* About this task *
Please output the line containing "I did a recent" and all lines that follow it in the data below, exactly, with no pictures.

* Data excerpt *
* * * * * * * * *

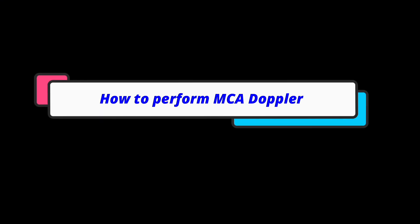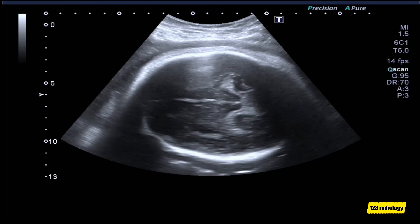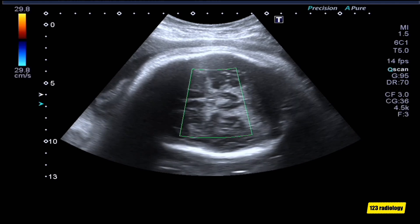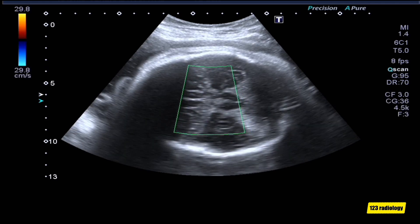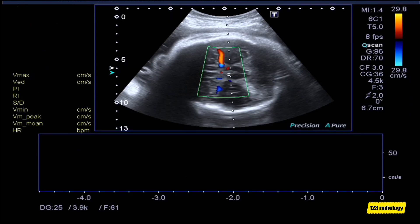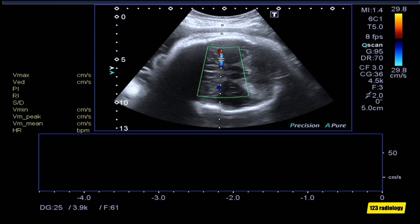How to Perform Middle Cerebral Artery Doppler. Start with the biparietal diameter view. Move caudally to visualize the butterfly shape of the supracellar cistern. Activate Color Doppler to visualize the middle cerebral artery. Position a small sample volume 2 mm beyond the MCA origin.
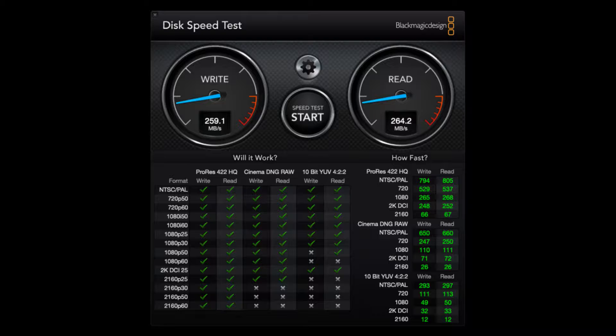I did a recent speed test and I'm roughly getting about 250 megabytes per second. Looking at the chart, I'm able to edit in 422 high quality ProRes up to 4K at 60 frames per second. I never do more than ProRes anyway, so that's not an issue. I do have a ProRes recorder that I've used on a few projects. Eventually I might get into RAW or 4K multi-cam streams, and then a two-drive RAID system may not be fast enough, but that's a different story.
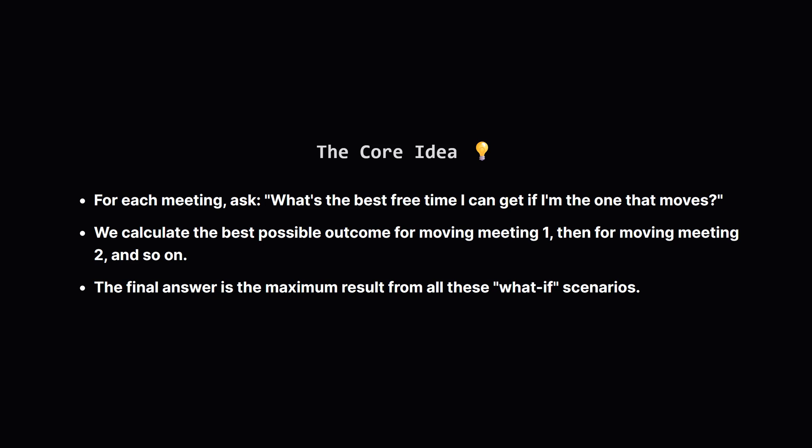We'll go through each meeting one by one and pretend it's the one we've chosen to reschedule. For each meeting we pick we'll calculate the absolute best free time we can create. After we've done this for every single meeting we just look at all our results and pick the biggest one. That's our answer.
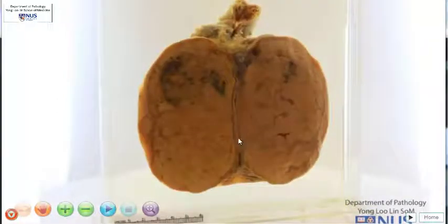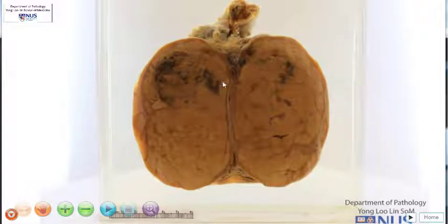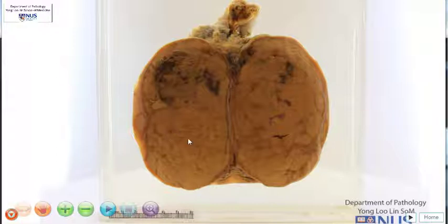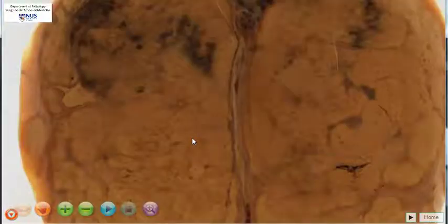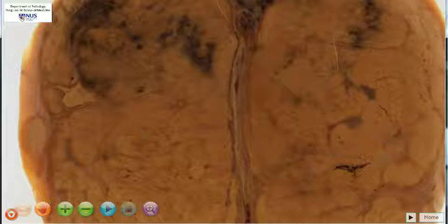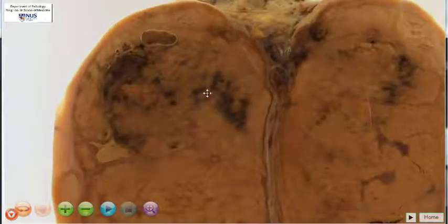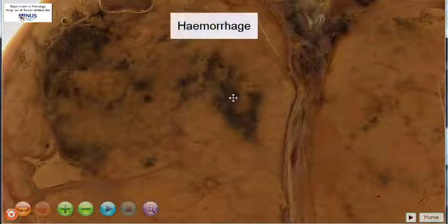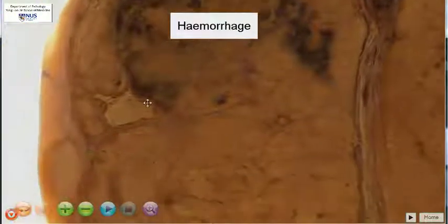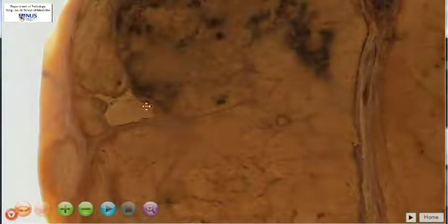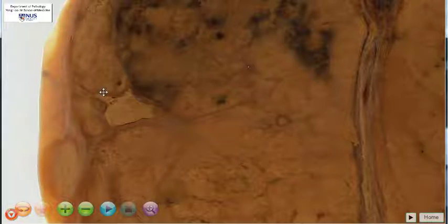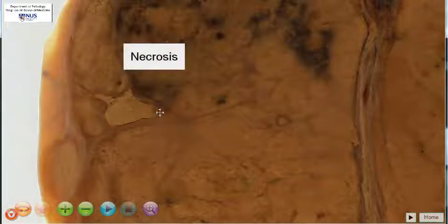Let's look at the cut surface of the testis. What we can see entirely replacing the testicular parenchyma is a fleshy, tan, brownish, lobulated tumour mass. There are areas over here that are darker, and these indicate the presence of hemorrhage. And if we look over here at this pale, quite well-defined geographic area, this indicates necrosis.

* * * * * * * * *

* Solution to this problem *
I did a recent speed test and I'm roughly getting about 250 megabytes per second. Looking at the chart, I'm able to edit in 422 high quality ProRes up to 4K at 60 frames per second. I never do more than ProRes anyway, so that's not an issue. I do have a ProRes recorder that I've used on a few projects. Eventually I might get into RAW or 4K multi-cam streams, and then a two-drive RAID system may not be fast enough, but that's a different story.
We'll go through each meeting one by one and pretend it's the one we've chosen to reschedule. For each meeting we pick we'll calculate the absolute best free time we can create. After we've done this for every single meeting we just look at all our results and pick the biggest one. That's our answer.
Let's look at the cut surface of the testis. What we can see entirely replacing the testicular parenchyma is a fleshy, tan, brownish, lobulated tumour mass. There are areas over here that are darker, and these indicate the presence of hemorrhage. And if we look over here at this pale, quite well-defined geographic area, this indicates necrosis.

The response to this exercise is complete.